A ofensiva presidencial mira diretamente a regulação europeia, que restringe o uso de biocombustíveis feitos a partir de culturas alimentares. Uma revisão em discussão pode colocar o biodiesel de soja na mesma categoria do óleo de palma, o que, na prática, impediria sua chegada aos postos do bloco a partir de 2030. O lobby brasileiro tenta reverter esse caminho, mas esbarra em preocupações ambientais e na narrativa europeia sobre segurança alimentar.
No pavilhão da feira, cena simbólica: Lula subiu em um caminhão produzido no Brasil e brincou sobre a ausência do primeiro-ministro alemão no teste; o anfitrião Friedrich Merz elogiou o compromisso do presidente com a proteção da Amazônia. Entre os temas salientes das conversas oficiais está também a bitributação, questão antiga que trava operações bilaterais e foi mencionada como alvo de intensificação nas negociações, sem, contudo, solução imediata.

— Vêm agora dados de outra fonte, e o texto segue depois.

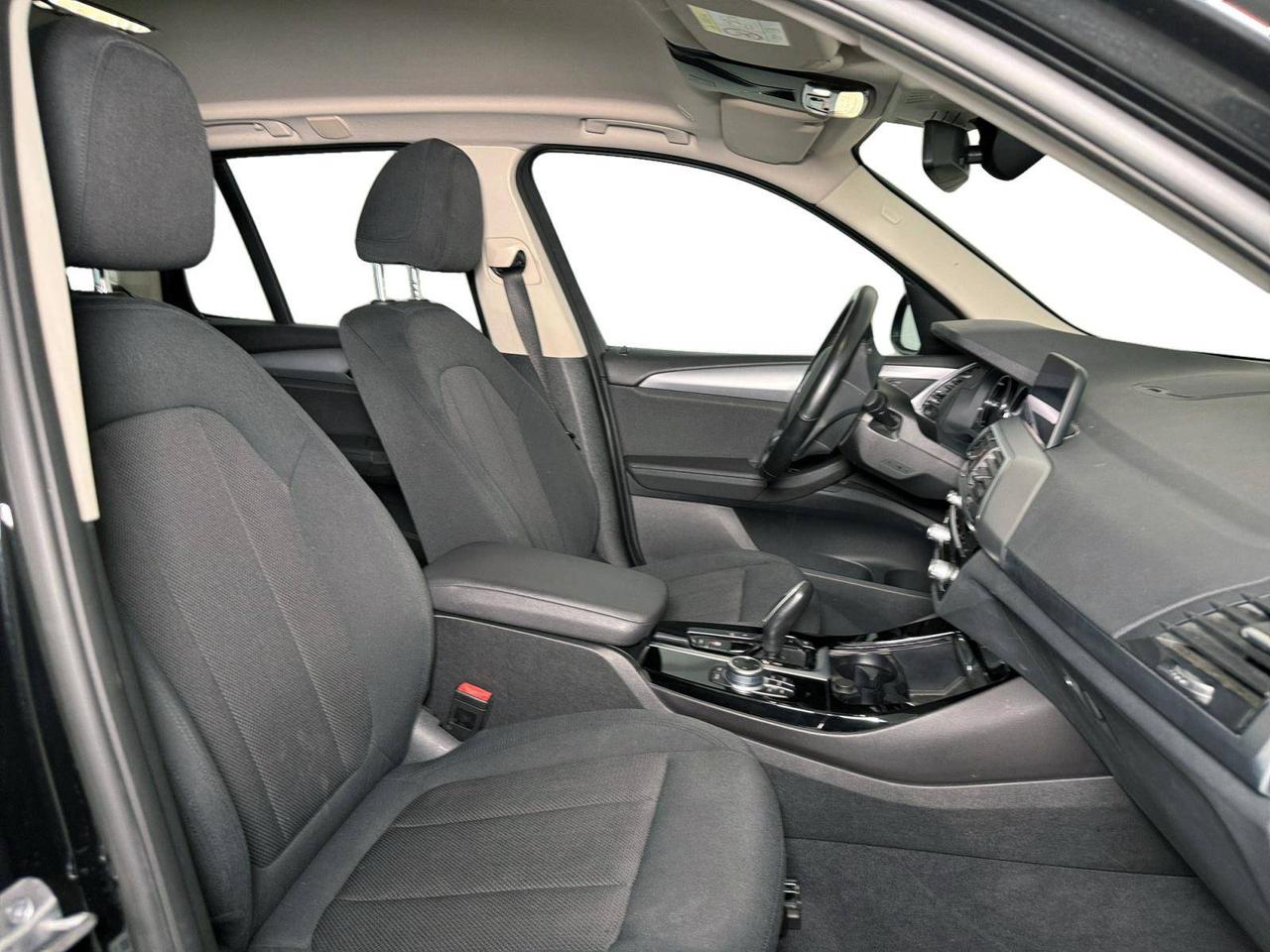 BMW X3 xDrive20d 48V Business Advantage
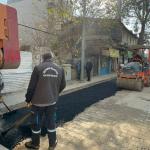 Eskisaray Mahallesi’nde asfalt yama ve yenileme çalışmaları başladı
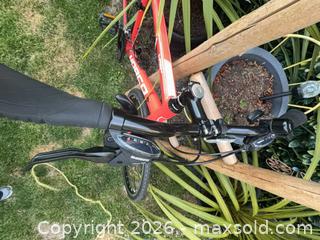 MaxSold Auction: Norco VFR Medium Coral Hybrid/Commuter Bike - Saanich (British Columbia, Canada) SELLER MANAGED Downsizing Online Auction - Glanford Avenue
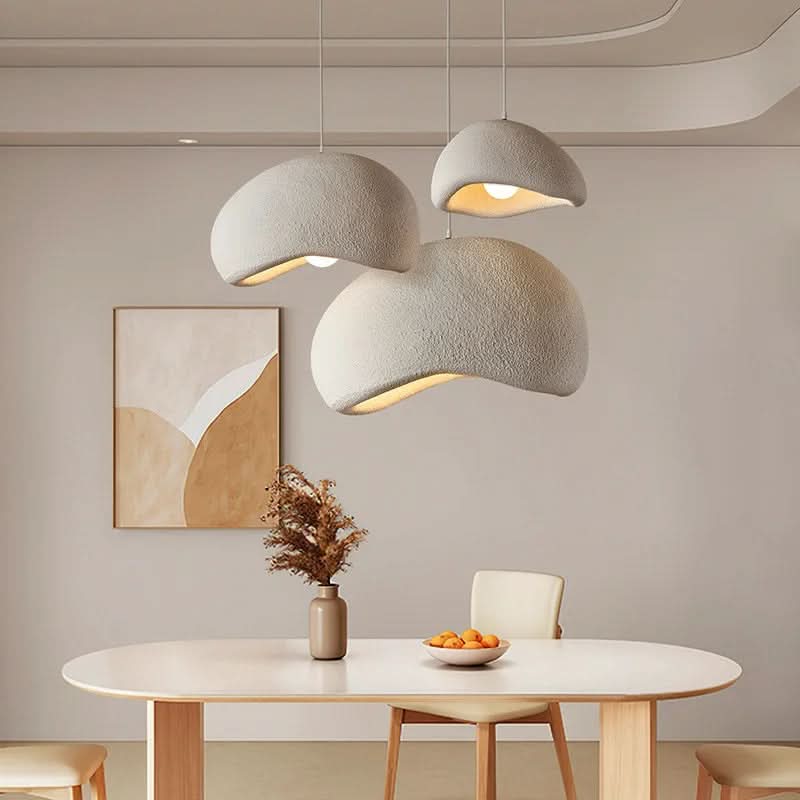 Stilvolle Design-Pendelleuchte mit höhenverstellbarer LED-Beleuchtung für moderne Innenräume.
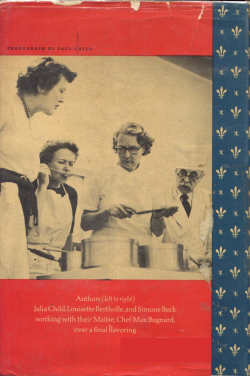 Der hintere Einband von »Mastering the Art of French Cooking«: Die Autorinnen Child, Bertholle und Beck mit »Maître« Bugnard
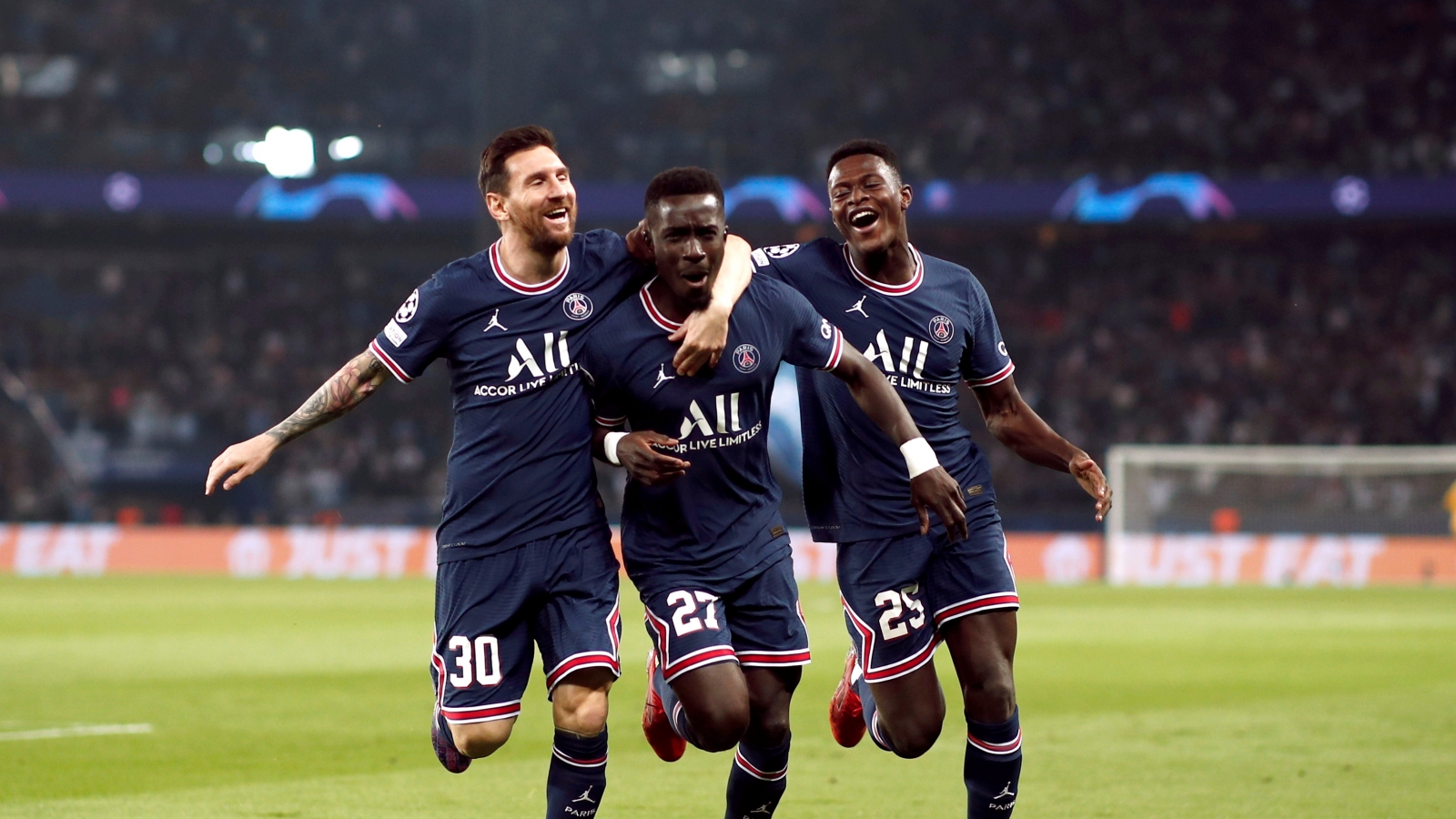 Bảng xếp hạng Cúp C1 châu Âu: Messi đưa PSG lên đầu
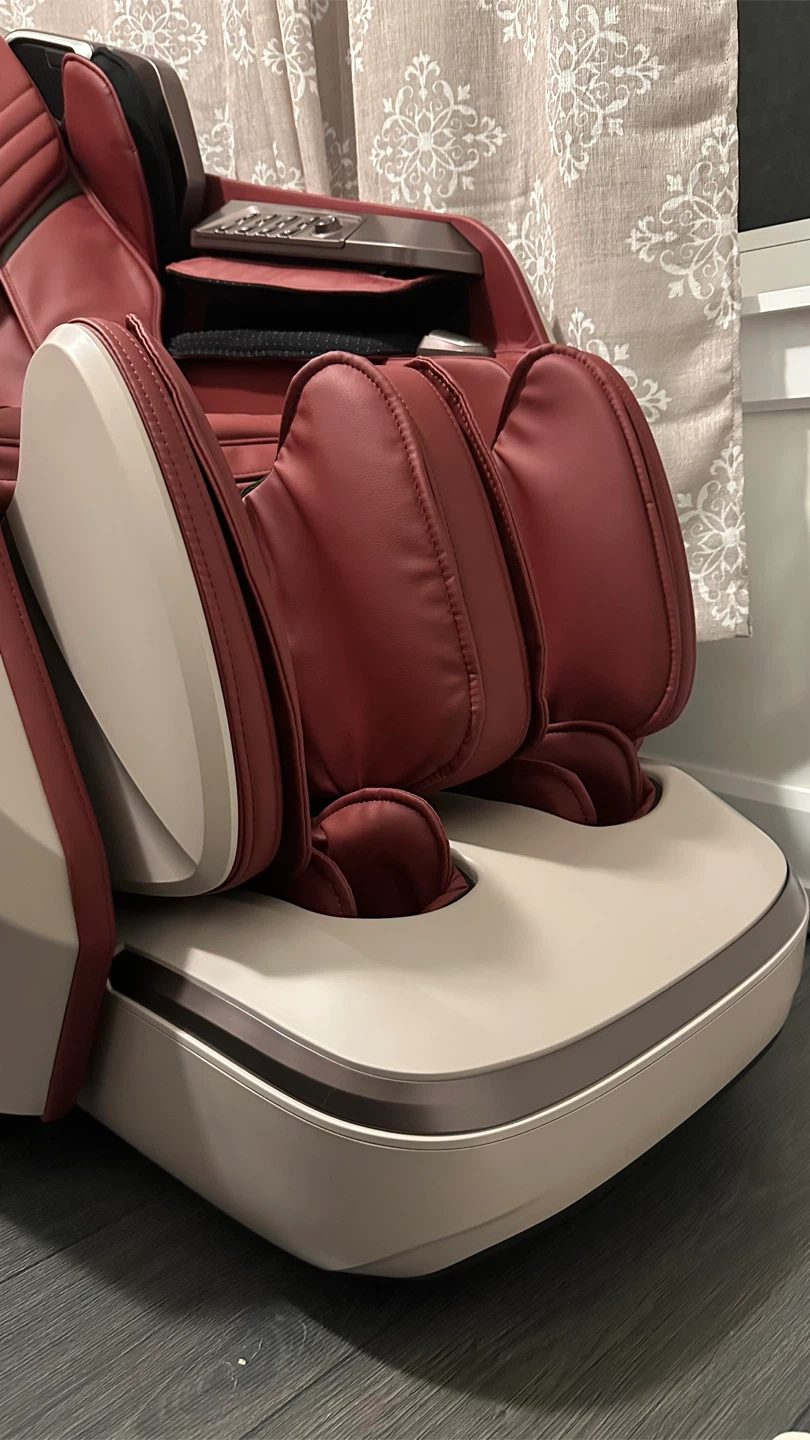 AI intelligent Osaka 4D massage chair - photo 5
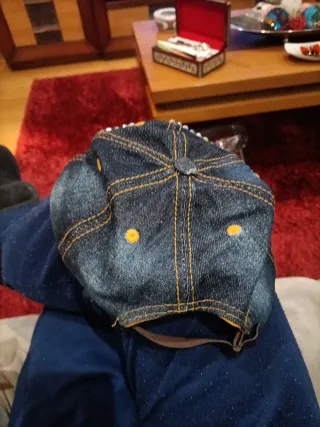 Gorra vaquera con bandera americana y pedrería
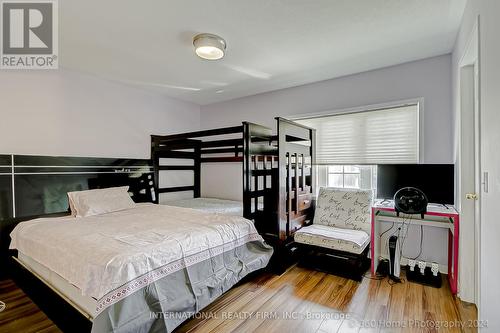 5498 Tree Crest Court, Mississauga, ON - Indoor Photo Showing Bedroom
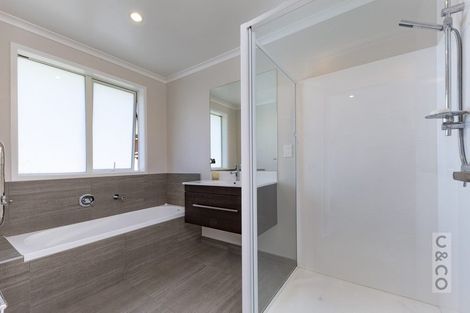 Photo of property in 7 Orchard Terrace, Riverhead, 0820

A aposta em biocombustíveis como bandeira comercial pode abrir mercados, mas expõe o governo a risco político e econômico se a UE mantiver restrições. A disputa será decidida em negociações técnicas e diplomáticas: sucesso protege cadeias produtivas brasileiras; fracasso amplia pressão sobre o Planalto e sobre o setor agrícola, que depende de previsibilidade para investimentos e exportações.